We’ve been watching the BBC2 series The Tudors, and thoroughly enjoying it. I have also been considering how much things have changed in the last 500 years, and how very much they’ve remained the same.


Treaties were made and broken faster than Kyoto resolutions and generally they were just an excuse for the upper echelons to go on an extended jolly. Rising members of Court were sent to Europe for negotiations which of course involved lots of big feasts, hunting trips, gifts and the purchase of essentials like jewels and silks and such. Alliances forged throughout all this led to numerous unnecessary wars whose justification most found difficult to fathom. If anyone wanted to rise in Court he had to loudly declare his adherence to current accepted belief, before finding out who to bribe. Corruption, plotting and nepotism were not where they system went wrong, they were the system.

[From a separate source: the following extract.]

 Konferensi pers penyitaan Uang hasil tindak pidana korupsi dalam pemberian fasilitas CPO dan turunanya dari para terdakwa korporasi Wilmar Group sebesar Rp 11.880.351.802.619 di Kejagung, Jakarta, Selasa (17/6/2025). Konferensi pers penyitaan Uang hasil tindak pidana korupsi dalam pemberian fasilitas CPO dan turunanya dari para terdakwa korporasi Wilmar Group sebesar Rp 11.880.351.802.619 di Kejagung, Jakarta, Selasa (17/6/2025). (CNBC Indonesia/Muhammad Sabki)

I guess they lived a little more frenetically than we do. You would, wouldn’t you, seeing people dying all around you from unknown causes, and knowing that you’ll be lucky if your own span extends beyond the age of forty, and that’s before taking into account what might happen to you if you step on the wrong toes. Nowadays we at least stand less of a chance of being barbecued for our beliefs, that now being the territory of foreign fanatics rather than the state. And a small lesson to learn from this, and other historical dramas, is that those who rule have always stolen from the ruled, and probably always will. There has never been a time when things were better, and the corruption we see today has a long historical tradition.

Depressing thought, but a good series.

1 comment:

Jebel Krong said...

amen.

(and let's face it most people need to be ruled).

as always, information & technology and access to said things is the equalizer; and it's a slow process.